El teléfono sonó a las dos de la madrugada y la voz al otro lado del altavoz congeló la sangre en mis venas.
—Señora Hayes, habla el detective Miller, de la policía de Chicago. Tenemos bajo custodia a una menor de catorce años. Dice que usted es su madre.
Me froté los ojos, confundida y molesta.
—Debe haber un error, oficial. Tengo treinta años y jamás he estado embarazada en mi vida. Ni una sola vez.
—Su nombre, su dirección y su número de seguro social coinciden perfectamente con los datos que nos dio —insistió el detective, con una frialdad que me erizó la piel—. Le sugiero que venga a la comisaría de inmediato.
Veinte minutos después, estaba frente al cristal de una sala de interrogatorios. Cuando la chica levantó la cabeza, el corazón me dio un vuelco violento. Era imposible. No era solo un parecido vago; esa adolescente tenía mis mismos ojos verdes, mi peculiar peca sobre el labio superior y la misma estructura ósea que veía cada mañana en el espejo. Era una copia exacta de mí cuando tenía su edad.
Al entrar a la habitación, me miró con lágrimas en los ojos y me dijo una sola palabra: “Mamá”.

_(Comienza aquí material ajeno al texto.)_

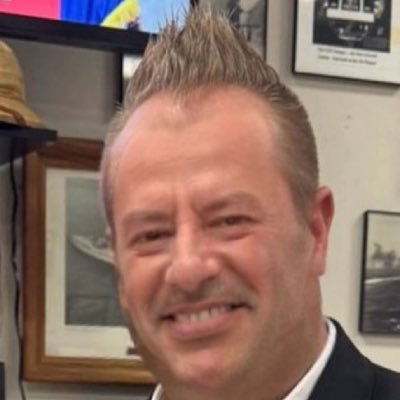 S a t i r e made of Nanoweb with shorts completely torched | Schadenfreude enthusiast, life coach and “entrepreneur” | I ❤️ shitcos | #WhistleBlower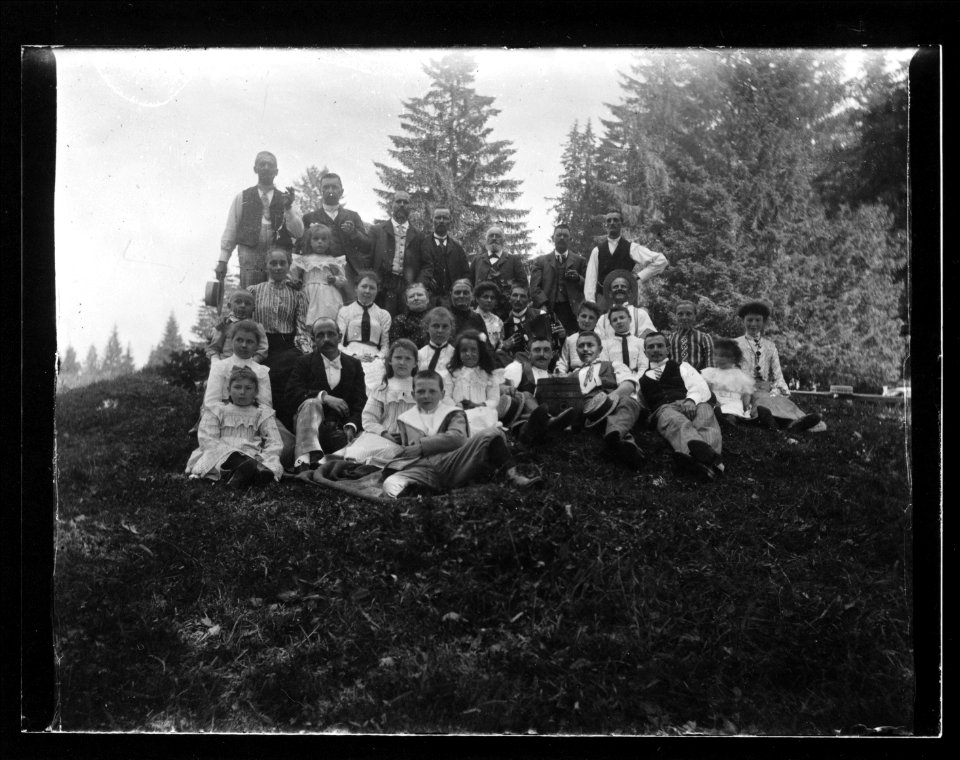 ArCJ - Les Bois, Groupe - 137 J 1416 a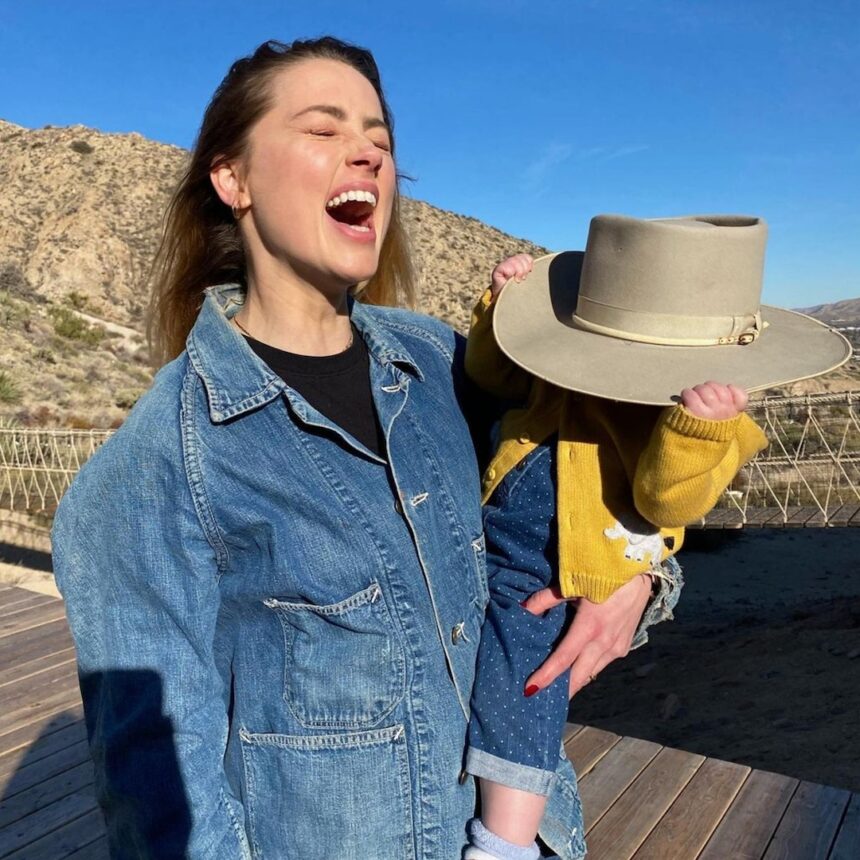 Tutto da sapere sulla vita della mamma di Amber Heard lontano da Hollywood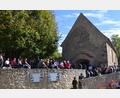 Bild: bö
Pulsierendes Leben am Dorfplatz in Lutzmannstein. Viele der Teilnehmer des Heimattreffens in Lutzmannstein haben keinen Platz mehr in der ehemaligen Pfarrkirche bekommen. Sie scharten sich um die Friedhofsmauer und den Treppenaufgang zur Dorfkirche St. Maria und Sankt Luzia.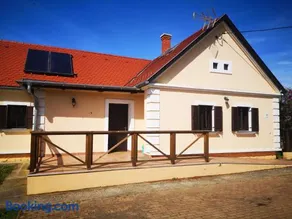 Gyümölcsliget Vendégház - Image 1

Para despejar la locura, exigí una prueba de ADN de emergencia. Una semana entera viví en una paranoia absoluta, incapaz de dormir. Cuando el detective Miller finalmente me citó en su oficina, su rostro estaba completamente pálido. Lanzó el sobre de la prueba sobre la mesa de madera.
—No sé qué clase de juego es este, Clara —dijo con la voz temblorosa—. Los resultados acaban de llegar. El análisis genético indica una coincidencia del 99.9%. Científicamente, esa niña es tu hija biológica.
El aire desapareció de mis pulmones. Miré al detective, sintiendo cómo mi mundo se desmoronaba en mil pedazos. Yo sabía con absoluta certeza médica que mi vientre jamás había albergado una vida. Y justo en ese segundo, la niña me miró desde el pasillo y, antes de que los agentes la escoltaran fuera, me susurró sin emitir sonido una frase que me paralizó por completo: “No los dejes ver mi espalda”.
Aquella advertencia desesperada resonó en mi cabeza como una alarma de emergencia, mientras la sombra de un oscuro secreto médico que creí haber dejado en mi infancia comenzaba a acecharme en la oscuridad.
Quedé petrificada en medio del pasillo de la comisaría. Las palabras de la niña quemaban en mi mente: “No los dejes ver mi espalda”. Aproveché un descuido del oficial a cargo mientras la trasladaban a un hogar temporal y la jalé hacia el baño de mujeres, cerrando la puerta con seguro por dentro.
—¿Quién eres realmente? —le pregunté con la voz entrecortada, sosteniéndola por los hombros—. Yo nunca estuve embarazada, ¡es imposible que seas mi hija!
La niña temblaba como una hoja. Sin decir una palabra, se dio la vuelta y se levantó la camiseta. Lo que vi me dejó sin aliento. En la parte baja de su espalda, justo al lado de la columna, tenía una cicatriz quirúrgica en forma de cruz, idéntica a la que yo tenía desde los seis años. Mi madre siempre me había dicho que la mía era el resultado de una operación rutinaria por un quiste benigno en un hospital de Boston.
—Ellos no me tuvieron en tu vientre, Clara —susurró la niña, llamándome por mi nombre por primera vez—. Nací en un laboratorio privado. Me crearon usando tu tejido almacenado. Yo… soy tu clon. Y hay más como yo.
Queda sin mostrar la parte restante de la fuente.